Politicians and area elites spent Tuesday gauging the fallout from Mike Sanders’ surprise decision to resign as Jackson County executive at the end of the year.
The short-term impact seemed clear: 3rd District Jackson County Legislator Dennis Waits will assume Sanders’ job on New Year’s Day and hold it for most of the rest of January.
After that, the picture gets cloudier. The county’s voters will pick a long-term replacement for Sanders next November, and several names were quickly floated as possible candidates.
First District at-Large Legislator Frank White was at the top of most lists. In an interview with The Star, he confirmed his interest in the post.
“I think I’ve learned a lot in the year that I’ve been on the Legislature,” he said. “I’ve learned where I think we can improve. And I think I would be a good face for the county.”
The former Royals player would be the strong favorite if he decides to seek the job. In 2014, his first try for countywide public office, White received more votes than Sanders.
But he would probably face some opposition. Legislator Dan Tarwater has publicly expressed interest in the executive’s job, and several other county legislators are thought to be exploring their options.
Other names also were mentioned Tuesday, including former members of the Kansas City Council. Current and former state lawmakers were said to be considering the race. Other candidates from the legal and business communities might emerge, outside observers said.
Potential candidates will spend the next two weeks reviewing their options. Waits is expected to take office Jan. 1, and the Legislature will begin exploring its options after that.
Waits did not return calls seeking comment.
The post is drawing intense interest in part because it’s a good-paying job, almost $121,000 this year. There are no term limits for the county executive either, making it attractive for candidates with long-term ambitions.
And it has some clout.
“The county executive really has more raw power than the mayor,” said attorney Mike White, who once held the county job.

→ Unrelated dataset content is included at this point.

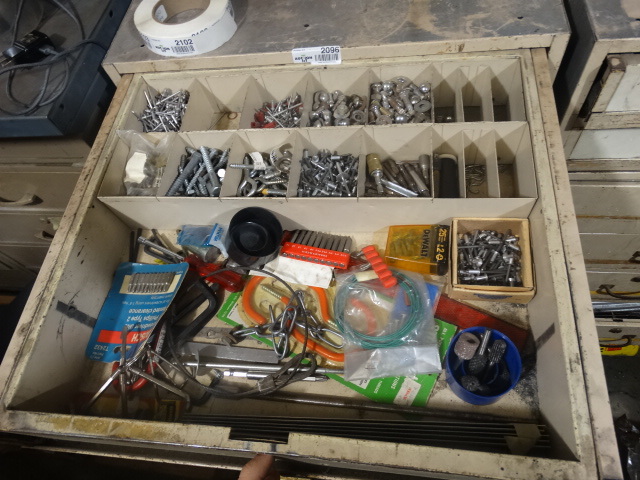 lot 2101 image: 2 Drawers of miscellaneous hardware, safety glasses and air compressor fittings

The county executive oversees an operating budget of more than $200 million a year. Responsibilities include operation of the county jail, the courts, law enforcement, parks, road construction, and property tax assessment and collection. Jackson County also oversees the Truman Sports Complex.
The county executive is not a voting member of the Legislature — unlike Kansas City’s mayor, who has a vote on the City Council. That independence has led to friction between the executive and the Legislature at times, but it also affords him or her leeway to pursue projects outside of normal legislative business.
Sanders pursued rail transit. Other executives have worked on stadium funding, emergency communications and the appraisal process.
Sanders dodged major controversies and scandals during his nine years in the job, although word of federal investigations into county contracts and the jail this year prompted jitters in the executive’s office.
Sanders insisted Monday that those problems played no role in his decision to quit. No credible evidence surfaced Tuesday of any reason for the departure other than Sanders’ stated desire to spend more time with his family.
“He has an extremely deep sense of family,” said longtime political operative Steve Glorioso. “The really good ones are that way. They have another life to live, and it’s not about ego or getting pushed out of the job.”
In a statement Tuesday, Mayor Sly James of Kansas City said Sanders made a tough decision.
“I consider Mike a friend,” James said. “I understand and admire the courage that it took to make that decision.”
Other Democrats gave Sanders high marks for resigning in time to allow the public to choose someone to fill out his term in 2017 and 2018. The primary is next August, with a general election in November.